The High Court of Australia unanimously overturned a decision of the Full Court of the Federal Court and found that Australian contracts of employment do not contain an implied term of mutual trust and confidence.

The decision of Commonwealth Bank of Australia v Barker [2014] HCA 32 is one of the most significant decisions for employers in recent years.

The facts
Stephen Barker’s employment with the bank was terminated by reason of redundancy on 9 April 2009.

On 2 March 2009, Mr Barker was told that his position was to be made redundant and that if he was not redeployed within the bank, which was the bank’s preference, his employment would be terminated approximately four weeks thereafter.

Having been deprived of access to his bank email account and voicemail, Barker was not informed about an alternative position within the bank until 26 March 2009.

He was not contacted by a recruitment consultant involved in facilitating the recruitment process for that position, nor was the possibility of retraining for that role discussed with him.

Barker commenced proceedings against CBA in the Federal Court of Australia, and he alleged that the conduct of the bank was in breach of an implied term of mutual trust and confidence and resulted in him being denied the opportunity of redeployment.

The primary judge held that there was a term of mutual trust and confidence implied in the agreement between Barker and the bank and that the bank’s serious breach of its own redeployment policy amounted to a breach of that implied term.

The Full Court, by majority, agreed that a term of mutual trust and confidence was implied by law into the agreement, but held that the primary judge erred in treating the term as co-extensive with an obligation to observe the redeployment policy.

The majority held that the implied term required that the bank take positive steps to consult with Barker about alternative positions within CBA and give him the opportunity to apply for them.

By failing to make contact with him for a period which the primary judge had found to be unreasonable, the term had been breached.

By grant of special leave, CBA appealed to the High Court.

The question in the appeal was whether employment contracts contain a term of mutual trust and confidence implied by law that the parties will not, without reasonable cause, conduct themselves in a manner likely to destroy or seriously damage the relationship of trust and confidence between them.

Allowing the appeal, the court held that the proposed term was not necessary in the sense that would justify implying it by law into all employment contracts.

Implications for employers
In a legal update on the case, Minter Ellison noted that employees and their lawyers have been using the ‘implied term’ to support massive claims for damages – often with long term employees’ “lifetime” damages claims, based on the assertion that, had the employee been treated fairly, they would have remained at the employer until retirement.

“The High Court decision should bring an end to these claims when they are based on the implied term,” Minter Ellison said.

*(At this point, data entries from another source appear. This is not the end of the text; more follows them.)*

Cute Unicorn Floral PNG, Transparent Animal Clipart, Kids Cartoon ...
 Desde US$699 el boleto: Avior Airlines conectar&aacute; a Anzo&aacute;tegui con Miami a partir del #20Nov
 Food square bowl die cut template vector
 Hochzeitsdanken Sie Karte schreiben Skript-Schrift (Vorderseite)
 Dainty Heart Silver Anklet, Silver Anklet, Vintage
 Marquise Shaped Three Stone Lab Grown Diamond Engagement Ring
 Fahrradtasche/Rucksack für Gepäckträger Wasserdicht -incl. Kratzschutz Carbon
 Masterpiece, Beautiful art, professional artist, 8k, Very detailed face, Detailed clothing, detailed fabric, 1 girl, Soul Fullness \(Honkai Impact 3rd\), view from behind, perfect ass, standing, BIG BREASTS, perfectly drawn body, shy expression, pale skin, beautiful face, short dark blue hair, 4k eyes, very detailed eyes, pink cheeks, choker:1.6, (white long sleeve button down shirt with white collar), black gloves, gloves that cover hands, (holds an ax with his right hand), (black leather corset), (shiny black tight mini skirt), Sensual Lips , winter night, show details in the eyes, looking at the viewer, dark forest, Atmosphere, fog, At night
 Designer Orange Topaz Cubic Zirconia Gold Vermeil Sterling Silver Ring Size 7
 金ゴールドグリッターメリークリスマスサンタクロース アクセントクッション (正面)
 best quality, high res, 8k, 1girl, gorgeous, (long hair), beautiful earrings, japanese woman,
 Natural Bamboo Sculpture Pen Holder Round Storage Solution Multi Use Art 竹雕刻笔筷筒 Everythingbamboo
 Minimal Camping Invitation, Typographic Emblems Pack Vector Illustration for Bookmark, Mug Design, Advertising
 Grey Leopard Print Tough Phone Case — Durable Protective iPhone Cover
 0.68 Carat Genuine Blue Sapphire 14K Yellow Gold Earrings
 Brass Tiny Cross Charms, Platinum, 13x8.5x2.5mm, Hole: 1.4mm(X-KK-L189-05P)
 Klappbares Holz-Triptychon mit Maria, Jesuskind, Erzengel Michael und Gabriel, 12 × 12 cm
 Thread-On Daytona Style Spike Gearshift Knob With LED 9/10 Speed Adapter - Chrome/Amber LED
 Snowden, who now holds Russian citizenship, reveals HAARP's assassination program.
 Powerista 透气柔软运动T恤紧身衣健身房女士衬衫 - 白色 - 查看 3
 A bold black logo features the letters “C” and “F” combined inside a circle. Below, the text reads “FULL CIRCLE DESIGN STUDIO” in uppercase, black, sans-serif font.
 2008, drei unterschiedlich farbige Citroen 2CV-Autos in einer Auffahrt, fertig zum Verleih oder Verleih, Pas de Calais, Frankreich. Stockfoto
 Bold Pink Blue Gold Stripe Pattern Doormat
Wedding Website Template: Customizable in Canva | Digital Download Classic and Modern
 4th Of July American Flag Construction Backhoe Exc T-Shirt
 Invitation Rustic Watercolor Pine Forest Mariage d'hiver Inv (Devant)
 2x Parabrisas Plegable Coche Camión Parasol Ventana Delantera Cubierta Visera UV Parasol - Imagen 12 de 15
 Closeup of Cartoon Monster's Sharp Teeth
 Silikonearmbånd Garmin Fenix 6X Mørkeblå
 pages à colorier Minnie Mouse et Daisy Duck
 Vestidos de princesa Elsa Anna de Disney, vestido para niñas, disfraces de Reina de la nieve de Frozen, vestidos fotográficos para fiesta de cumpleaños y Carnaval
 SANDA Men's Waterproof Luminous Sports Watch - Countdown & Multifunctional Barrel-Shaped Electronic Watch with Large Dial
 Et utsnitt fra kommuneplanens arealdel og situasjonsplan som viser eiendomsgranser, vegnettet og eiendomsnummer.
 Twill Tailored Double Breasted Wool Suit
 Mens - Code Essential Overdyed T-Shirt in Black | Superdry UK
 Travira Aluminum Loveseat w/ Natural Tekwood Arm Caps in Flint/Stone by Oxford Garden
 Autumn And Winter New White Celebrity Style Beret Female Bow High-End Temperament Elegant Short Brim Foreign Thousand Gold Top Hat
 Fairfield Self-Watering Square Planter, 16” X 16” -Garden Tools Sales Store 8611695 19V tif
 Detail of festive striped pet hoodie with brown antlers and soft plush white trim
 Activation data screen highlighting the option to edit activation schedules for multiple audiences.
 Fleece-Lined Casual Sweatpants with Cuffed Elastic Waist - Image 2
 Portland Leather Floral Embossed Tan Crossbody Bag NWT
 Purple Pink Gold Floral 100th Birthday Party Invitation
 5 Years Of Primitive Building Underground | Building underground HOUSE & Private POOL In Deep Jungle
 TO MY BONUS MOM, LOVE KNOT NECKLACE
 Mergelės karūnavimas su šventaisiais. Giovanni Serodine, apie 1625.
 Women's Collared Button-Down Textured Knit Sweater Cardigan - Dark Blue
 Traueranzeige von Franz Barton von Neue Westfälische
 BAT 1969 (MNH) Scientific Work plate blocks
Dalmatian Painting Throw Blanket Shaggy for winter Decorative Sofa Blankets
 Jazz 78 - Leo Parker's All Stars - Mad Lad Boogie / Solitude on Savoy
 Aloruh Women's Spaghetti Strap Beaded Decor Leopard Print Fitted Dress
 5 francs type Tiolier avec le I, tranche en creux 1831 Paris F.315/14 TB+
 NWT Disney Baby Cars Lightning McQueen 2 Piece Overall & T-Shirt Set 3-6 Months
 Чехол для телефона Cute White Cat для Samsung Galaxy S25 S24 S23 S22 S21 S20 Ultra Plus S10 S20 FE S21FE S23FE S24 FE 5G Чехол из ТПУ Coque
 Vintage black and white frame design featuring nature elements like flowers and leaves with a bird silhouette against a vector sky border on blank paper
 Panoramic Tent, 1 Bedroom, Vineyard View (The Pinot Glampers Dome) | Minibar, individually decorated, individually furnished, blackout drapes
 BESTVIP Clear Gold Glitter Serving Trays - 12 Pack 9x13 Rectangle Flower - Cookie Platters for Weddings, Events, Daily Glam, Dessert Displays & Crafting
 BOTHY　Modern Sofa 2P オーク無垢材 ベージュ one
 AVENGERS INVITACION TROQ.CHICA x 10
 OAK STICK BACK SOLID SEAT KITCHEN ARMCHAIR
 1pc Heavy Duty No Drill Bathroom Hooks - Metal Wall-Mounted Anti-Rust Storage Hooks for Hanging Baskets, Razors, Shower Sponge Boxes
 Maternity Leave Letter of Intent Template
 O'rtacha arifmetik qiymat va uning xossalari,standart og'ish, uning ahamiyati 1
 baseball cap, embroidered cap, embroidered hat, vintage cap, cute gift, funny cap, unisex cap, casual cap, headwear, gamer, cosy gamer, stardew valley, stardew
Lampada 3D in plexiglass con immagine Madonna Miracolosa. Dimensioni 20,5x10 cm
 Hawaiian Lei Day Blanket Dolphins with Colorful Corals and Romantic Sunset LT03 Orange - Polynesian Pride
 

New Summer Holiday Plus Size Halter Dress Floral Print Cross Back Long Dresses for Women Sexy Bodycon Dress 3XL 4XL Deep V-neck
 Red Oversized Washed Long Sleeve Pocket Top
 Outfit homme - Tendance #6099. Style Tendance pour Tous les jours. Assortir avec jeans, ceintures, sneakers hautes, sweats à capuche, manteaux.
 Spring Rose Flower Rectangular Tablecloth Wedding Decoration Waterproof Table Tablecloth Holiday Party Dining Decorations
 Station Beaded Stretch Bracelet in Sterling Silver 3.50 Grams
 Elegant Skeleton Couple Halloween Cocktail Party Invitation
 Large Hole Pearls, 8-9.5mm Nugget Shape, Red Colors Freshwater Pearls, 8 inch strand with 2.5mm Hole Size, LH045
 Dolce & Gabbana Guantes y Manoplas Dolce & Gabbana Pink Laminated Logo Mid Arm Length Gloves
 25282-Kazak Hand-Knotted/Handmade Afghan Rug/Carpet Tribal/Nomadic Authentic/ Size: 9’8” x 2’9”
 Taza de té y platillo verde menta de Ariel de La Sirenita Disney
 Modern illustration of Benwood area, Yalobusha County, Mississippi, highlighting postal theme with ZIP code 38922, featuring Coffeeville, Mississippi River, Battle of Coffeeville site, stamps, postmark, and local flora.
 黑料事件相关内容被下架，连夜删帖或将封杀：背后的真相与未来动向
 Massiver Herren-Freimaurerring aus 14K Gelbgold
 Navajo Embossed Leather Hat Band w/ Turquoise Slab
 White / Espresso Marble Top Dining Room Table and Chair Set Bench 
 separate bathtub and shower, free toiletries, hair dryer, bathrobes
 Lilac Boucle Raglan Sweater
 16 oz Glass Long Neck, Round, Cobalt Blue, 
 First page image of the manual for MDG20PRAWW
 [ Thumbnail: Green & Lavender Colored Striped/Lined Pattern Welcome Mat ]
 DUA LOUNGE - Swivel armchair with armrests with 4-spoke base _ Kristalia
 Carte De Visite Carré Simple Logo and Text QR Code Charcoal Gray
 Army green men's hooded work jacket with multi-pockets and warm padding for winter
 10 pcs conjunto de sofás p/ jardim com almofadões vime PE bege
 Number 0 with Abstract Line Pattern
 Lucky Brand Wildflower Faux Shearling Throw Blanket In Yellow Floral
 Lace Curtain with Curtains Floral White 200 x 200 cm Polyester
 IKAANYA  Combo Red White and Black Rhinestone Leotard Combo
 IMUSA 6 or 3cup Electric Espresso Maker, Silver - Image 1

“However, employees can still bring claims seeking contractual damages on other bases – such as the incorporation of policies. And, of course, employees can still bring other types of claims, such as adverse action claims and – where employees have access – claims for unfair dismissal.”

What you need to do?
“While good news, you still need to make sure your employment contracts are properly drafted,” Minter Ellison said.

“The decision is likely to mean that employees adopt more inventive ways of bringing contractual claims. If you have any claims on foot relying on the implied term, now is the time to revisit them.

“Employees will need to amend any existing court claims to drop reliance on the implied term. Negotiating positions may also be significantly affected.”